Gerald of Wales (c1190)

The proceeds of justice were one of these. We have seen how common law expanded Henry’s options, but he was fully unbound elsewhere. In nearly one third of the kingdom, common law did not apply; it was the law of the Forest. In the Dialogue of the Exchequer, Richard FitzNigel gives us the official version: ’the whole organisation of the forests, for example the punishment of forest offenses, is outside the jurisdiction of other courts, and solely dependent upon the decision of the king and his officers. The Forest has it own laws, based, it is said, not on the common law of the realm but on the arbitrary decision of the king’

The worst abuse in the kingdom, under which the country groaned, was the tyranny of the foresters; for there violence took the place of law and extortion was peaceworthy. No rank of society was secure from them save the king himself.
Biographer of St Hugh of Lincoln

As an idea of scale, the Forest covered the whole of the county of Essex and much of Berkshire, Hampshire and Wiltshire. It could be designated at will and Henry famously loved the chase. Forests were not just a royal plaything, however, as they gave the king protected access to key supplies such as charcoal, which was used for smelting in the manufacture of armour and weapons. Restrictions were stringent, with limits on everything from cutting wood to the length of a dog’s claws. Exemptions and licenses could, of course, be had for a price.

The royal will could also raise money directly. As feudal lord, Henry could raise taxes and fines. His son’s knighting, the marriage of his daughters, and his barons’ own inheritance were worthy occasions for an aid to be levied. Henry II, like his grandfather, kept rates arbitrary. If barons tried to pass the cost down to their tenants, as they had with knight’s fees, Henry II was canny in pulling the revenues all the way up to his own treasury. In return, he fixed rates for those further down the social order, for example on a knight’s inheritance.  Yet:

For baronies there is no certain figure laid down; the tenants-in-chief in making satisfaction to the lord king for their reliefs are at his mercy and pleasure.
Ranulf Glannvill; Laws and Customs of England (between 1187 and 1189)

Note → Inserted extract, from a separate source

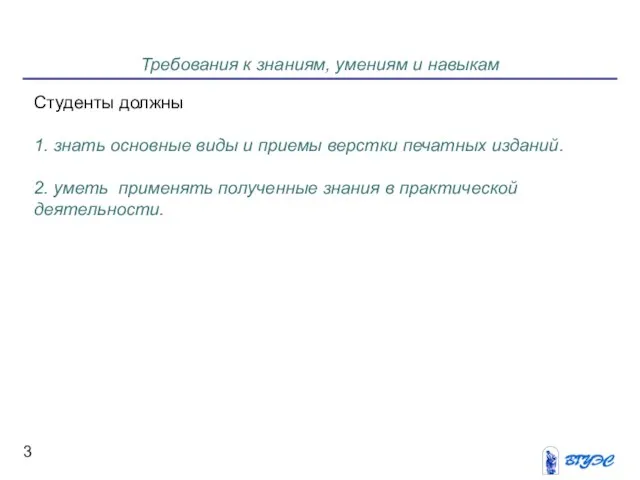 Требования к знаниям, умениям и навыкам Студенты должны 1. знать основные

Royal favour was still available, as Henry II could compromise on the cash amount of what was owed. The balance was, inevitably, left outstanding, and Richard FitzNigel explains in the Dialogue of the Exchequer just how difficult it is to be truly quit of a debt rather than simply in deferral. A helping hand to a baron’s loyalty, perhaps, but at the same time a lingering threat of what could be ruin at any given moment, depending on how it was used.

Barons, though, might reasonably have felt squeezed between the lord king and their own tenants, and with fewer protections. They were not free to make their own laws in their lands, nor could they appeal over the head of their immediate lord.

It is here, and in the depths of the forest, where we can unravel the apparent contradiction that the Angevin despotism also gave the foundations - and much more besides - of Common Law to the English speaking world. These were different jurisdictions, defined by both place and right. So to Henry II it was likely no contradiction at all.

Common Law, such that it had emerged, set an example. A precedent. Whether the rest of the system could be redeemed, either through force or benign neglect, would depend on the nature of the king. For all the institutional advances, that one role was critical and utterly indispensable.

In the middle ages, in some cases the date of Richard I’s coronation, 3 September 1189, was taken as the limit of legal memory. When Edward I’s Quo Warranto investigation looked back, that was deemed far enough. It was the end of the beginning. In the eyes of the law, modernity had arrived.